The road is wide, has a hospital gate straight onto it, has not got homes straight onto it. North side of the road, in Drylaw park's corner, there is a strip of ground behind a substation, gentle gradient, where you can bring the line up from path to road, so no need to build an intrusive ramp. 》

What world geopolitics or radicalism is there in words about a bloody tram line ? Made this point in favour of the Telford Road option in my trams consultation submission. Also

• instead of writing about cross-city services from Balgreen, could reopen as tram the old Corstorphine rail branch, there have often been views on local social media for that, folks who remember it say it has always been slower getting into town by bus without it. Most of the branch route still exists as a park path. Last 1/3 mile does not, so it would take an on-road bit to reach Corstorphine village. That is short enough, and not in town, that it would not slow up the buses like they are saying the Orchard Brae route will do.
• Cockburn Association, that cares about old buildings, has blogged warning of structural doubts in building the southward line over South Bridge. Modern big train-weight trams will stress the structure far more than the bus-sized ones in the historic tram era, and is a load the bridge was not built for. Same concern as for Dean Bridge, but while the Orchard Brae route is one of 3 options, South Bridge is a less known issue because the south line's route straight down the A7 is just getting taken for granted. Clearly there is a responsibility not to take it so.
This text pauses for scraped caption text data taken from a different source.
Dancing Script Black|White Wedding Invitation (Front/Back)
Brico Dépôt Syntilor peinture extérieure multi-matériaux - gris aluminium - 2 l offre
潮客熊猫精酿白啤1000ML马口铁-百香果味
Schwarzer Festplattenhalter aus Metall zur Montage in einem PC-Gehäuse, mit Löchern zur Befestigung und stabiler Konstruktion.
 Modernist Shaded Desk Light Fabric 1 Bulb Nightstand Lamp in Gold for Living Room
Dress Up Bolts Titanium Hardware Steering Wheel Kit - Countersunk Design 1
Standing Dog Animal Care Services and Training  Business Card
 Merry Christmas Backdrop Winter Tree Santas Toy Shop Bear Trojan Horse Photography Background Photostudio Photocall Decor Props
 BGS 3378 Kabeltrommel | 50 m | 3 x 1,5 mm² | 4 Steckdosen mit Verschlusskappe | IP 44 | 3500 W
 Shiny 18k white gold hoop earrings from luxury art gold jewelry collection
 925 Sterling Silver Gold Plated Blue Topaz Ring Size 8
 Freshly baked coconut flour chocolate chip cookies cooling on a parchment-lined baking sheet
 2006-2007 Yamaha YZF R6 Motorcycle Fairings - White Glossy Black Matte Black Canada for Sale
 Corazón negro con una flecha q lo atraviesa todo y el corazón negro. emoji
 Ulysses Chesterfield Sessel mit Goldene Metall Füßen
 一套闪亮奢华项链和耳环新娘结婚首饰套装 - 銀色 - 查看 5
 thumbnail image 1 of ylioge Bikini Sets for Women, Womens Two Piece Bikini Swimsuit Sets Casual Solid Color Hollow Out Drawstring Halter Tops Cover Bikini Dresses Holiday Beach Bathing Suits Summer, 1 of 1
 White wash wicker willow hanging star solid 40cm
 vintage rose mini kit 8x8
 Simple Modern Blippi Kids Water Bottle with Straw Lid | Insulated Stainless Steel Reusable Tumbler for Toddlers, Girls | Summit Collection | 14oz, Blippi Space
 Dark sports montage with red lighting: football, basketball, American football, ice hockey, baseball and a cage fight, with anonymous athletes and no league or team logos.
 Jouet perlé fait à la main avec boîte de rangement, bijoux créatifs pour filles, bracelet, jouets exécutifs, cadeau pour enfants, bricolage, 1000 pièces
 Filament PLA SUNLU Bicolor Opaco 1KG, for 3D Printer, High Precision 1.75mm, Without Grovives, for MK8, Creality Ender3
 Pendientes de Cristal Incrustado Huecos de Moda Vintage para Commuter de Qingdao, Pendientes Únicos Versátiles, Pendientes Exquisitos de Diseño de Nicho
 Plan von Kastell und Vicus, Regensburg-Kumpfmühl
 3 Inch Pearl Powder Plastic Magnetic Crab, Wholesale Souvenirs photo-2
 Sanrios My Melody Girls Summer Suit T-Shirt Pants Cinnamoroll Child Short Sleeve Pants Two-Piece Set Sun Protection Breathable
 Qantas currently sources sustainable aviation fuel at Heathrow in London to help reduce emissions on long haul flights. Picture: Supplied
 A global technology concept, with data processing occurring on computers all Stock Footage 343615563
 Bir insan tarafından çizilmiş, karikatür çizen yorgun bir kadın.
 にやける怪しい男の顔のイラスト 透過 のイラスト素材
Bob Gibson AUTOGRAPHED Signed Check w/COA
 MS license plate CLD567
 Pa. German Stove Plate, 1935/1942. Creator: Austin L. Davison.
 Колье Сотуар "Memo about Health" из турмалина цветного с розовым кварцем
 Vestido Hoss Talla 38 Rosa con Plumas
If the line was diverted down Holyrood Road and near parliament, it would be a bit longer and have more corners, but it offsetting so, it would have an off-road section and avoid trying implausibly to run through the overcrowdedness of South Bridge and Nicolson St. Street widths would allow it to turn from North Bridge eastward into High St, with the northbound track off-road there to avoid the notorious tailbacks into that crossroads. Blackfriars St, Cowgate, Holyrood Road, then it could go off-road on the waste ground that is Holyrood Park's edge behind Dumbiedykes, and rise from the ground at gentle gradient by a ramp to beat the sharp rise in ground level it will eventually meet. Though the same rise prevents the line going up Pleasance because of steep gradient, that is on-road surrounded by streets with no space to beat it by a ramp, while in Holyrood there is that space. The least bumpy course over that hill, just behind the end of Dumbiedykes Road, already has an old wall along it, that obviously was easiest to build there, so the line would go through that, use its ramp to take the hill at gentler gradient than steep Braidwood Gate path up to behind Crags sport centre, Bowmont Place where it will not affect home entrances, St Leonard's St, then for local opinion to choose which street to cross back onto Clerk St via.

Tuesday, 15 July 2025

public be moved to keep bureaucracy off the graves you care for

change.org/p/oppose-removal-of-grave-ironworks #westlothiancouncil #disgustingbureaucrats #bureaucrats #oppression

This type of arrogance where it hurts can move the public to react against bureaucrats as they need to.

A 16 year old boy dead from some road accident, which itself is evil enough and attests the world to be so, his family set up on his grave some honouring structures that are made of iron. 26 years later, out of the blue, arbitrarily without consultation, West Lothian council arbitrarily declares new rules to ban and remove them.